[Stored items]

^^^^^^^^^^^^^^^^

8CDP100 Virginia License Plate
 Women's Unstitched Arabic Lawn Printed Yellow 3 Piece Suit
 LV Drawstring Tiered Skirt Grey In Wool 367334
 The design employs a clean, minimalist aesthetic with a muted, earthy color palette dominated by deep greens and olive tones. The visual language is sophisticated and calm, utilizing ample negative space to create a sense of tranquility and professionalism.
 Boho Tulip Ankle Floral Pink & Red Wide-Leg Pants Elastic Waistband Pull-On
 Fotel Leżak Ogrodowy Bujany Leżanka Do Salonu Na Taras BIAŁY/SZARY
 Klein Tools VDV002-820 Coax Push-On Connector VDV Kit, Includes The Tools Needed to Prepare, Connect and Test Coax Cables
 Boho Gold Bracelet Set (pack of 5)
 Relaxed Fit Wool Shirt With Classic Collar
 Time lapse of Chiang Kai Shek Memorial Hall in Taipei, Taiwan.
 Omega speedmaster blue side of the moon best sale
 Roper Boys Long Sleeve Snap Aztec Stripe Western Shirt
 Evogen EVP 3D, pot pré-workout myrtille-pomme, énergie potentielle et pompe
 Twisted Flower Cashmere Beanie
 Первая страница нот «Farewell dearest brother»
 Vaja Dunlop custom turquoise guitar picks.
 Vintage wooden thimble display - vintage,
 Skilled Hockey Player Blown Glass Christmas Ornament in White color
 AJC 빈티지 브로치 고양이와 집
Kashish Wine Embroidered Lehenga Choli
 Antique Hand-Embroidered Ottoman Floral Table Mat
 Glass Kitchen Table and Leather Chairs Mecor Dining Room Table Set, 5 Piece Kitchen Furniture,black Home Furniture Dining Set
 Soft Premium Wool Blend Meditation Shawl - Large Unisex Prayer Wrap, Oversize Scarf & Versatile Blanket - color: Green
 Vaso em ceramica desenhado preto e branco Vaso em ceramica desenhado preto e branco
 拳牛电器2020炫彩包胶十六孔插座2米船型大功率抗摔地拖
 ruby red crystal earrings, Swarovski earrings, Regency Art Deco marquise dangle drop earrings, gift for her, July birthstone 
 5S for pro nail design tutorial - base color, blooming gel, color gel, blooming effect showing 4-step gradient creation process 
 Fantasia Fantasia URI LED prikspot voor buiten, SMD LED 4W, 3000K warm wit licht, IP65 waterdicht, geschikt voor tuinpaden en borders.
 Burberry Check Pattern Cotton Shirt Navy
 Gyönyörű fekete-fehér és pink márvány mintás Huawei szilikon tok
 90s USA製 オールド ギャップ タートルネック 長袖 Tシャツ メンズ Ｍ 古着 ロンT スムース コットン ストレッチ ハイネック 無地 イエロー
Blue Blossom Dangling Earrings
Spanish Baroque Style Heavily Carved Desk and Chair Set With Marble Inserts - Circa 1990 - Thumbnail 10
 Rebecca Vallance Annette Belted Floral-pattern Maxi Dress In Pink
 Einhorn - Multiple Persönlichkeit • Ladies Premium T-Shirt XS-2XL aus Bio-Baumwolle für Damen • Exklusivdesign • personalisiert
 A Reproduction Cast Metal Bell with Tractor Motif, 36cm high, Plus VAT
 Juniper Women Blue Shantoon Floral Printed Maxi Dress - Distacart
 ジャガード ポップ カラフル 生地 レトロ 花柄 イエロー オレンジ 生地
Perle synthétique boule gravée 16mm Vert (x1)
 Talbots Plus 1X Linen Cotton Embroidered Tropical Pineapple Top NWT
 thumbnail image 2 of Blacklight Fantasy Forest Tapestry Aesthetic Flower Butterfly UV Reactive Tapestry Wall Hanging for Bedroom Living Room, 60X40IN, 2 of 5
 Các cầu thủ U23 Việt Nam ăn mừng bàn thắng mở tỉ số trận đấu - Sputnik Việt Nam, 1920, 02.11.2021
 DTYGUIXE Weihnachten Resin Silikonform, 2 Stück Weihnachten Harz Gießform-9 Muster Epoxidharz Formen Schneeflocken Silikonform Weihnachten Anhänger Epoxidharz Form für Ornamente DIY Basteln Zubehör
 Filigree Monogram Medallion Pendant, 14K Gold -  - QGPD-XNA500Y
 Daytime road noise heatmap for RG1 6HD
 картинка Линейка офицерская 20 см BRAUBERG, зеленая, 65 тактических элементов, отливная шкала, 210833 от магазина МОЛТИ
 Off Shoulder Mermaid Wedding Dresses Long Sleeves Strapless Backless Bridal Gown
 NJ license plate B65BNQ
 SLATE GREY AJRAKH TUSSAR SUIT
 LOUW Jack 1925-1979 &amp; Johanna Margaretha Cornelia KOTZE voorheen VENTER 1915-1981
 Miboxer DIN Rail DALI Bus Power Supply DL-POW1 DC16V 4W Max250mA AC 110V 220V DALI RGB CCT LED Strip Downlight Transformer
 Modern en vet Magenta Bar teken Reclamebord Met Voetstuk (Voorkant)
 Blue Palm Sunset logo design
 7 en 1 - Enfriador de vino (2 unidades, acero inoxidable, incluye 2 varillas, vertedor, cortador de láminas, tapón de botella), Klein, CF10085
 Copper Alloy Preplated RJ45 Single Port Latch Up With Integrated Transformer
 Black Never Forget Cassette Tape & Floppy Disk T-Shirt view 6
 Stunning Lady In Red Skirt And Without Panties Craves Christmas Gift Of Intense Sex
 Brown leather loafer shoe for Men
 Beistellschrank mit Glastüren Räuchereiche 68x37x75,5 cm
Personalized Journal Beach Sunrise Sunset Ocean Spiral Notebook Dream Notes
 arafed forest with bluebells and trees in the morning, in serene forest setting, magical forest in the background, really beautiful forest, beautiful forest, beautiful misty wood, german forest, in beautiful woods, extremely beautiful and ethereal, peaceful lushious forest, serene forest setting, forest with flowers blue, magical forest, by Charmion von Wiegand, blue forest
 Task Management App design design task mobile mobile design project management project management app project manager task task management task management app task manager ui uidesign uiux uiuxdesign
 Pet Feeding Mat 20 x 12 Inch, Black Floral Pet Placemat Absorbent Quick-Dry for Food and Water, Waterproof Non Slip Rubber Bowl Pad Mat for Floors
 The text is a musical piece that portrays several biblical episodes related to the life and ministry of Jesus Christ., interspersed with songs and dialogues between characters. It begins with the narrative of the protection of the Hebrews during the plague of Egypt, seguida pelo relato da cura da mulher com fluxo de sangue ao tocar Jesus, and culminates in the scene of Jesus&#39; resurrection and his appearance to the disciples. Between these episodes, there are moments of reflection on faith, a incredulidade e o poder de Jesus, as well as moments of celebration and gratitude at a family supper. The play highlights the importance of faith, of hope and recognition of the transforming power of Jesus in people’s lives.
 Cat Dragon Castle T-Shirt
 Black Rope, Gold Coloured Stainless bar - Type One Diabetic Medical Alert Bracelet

^^^^^^^^^^^^^^^^

Using the data above, say how many lines include the word "Cotton". Write only that number.

• SOLUTION BELOW
2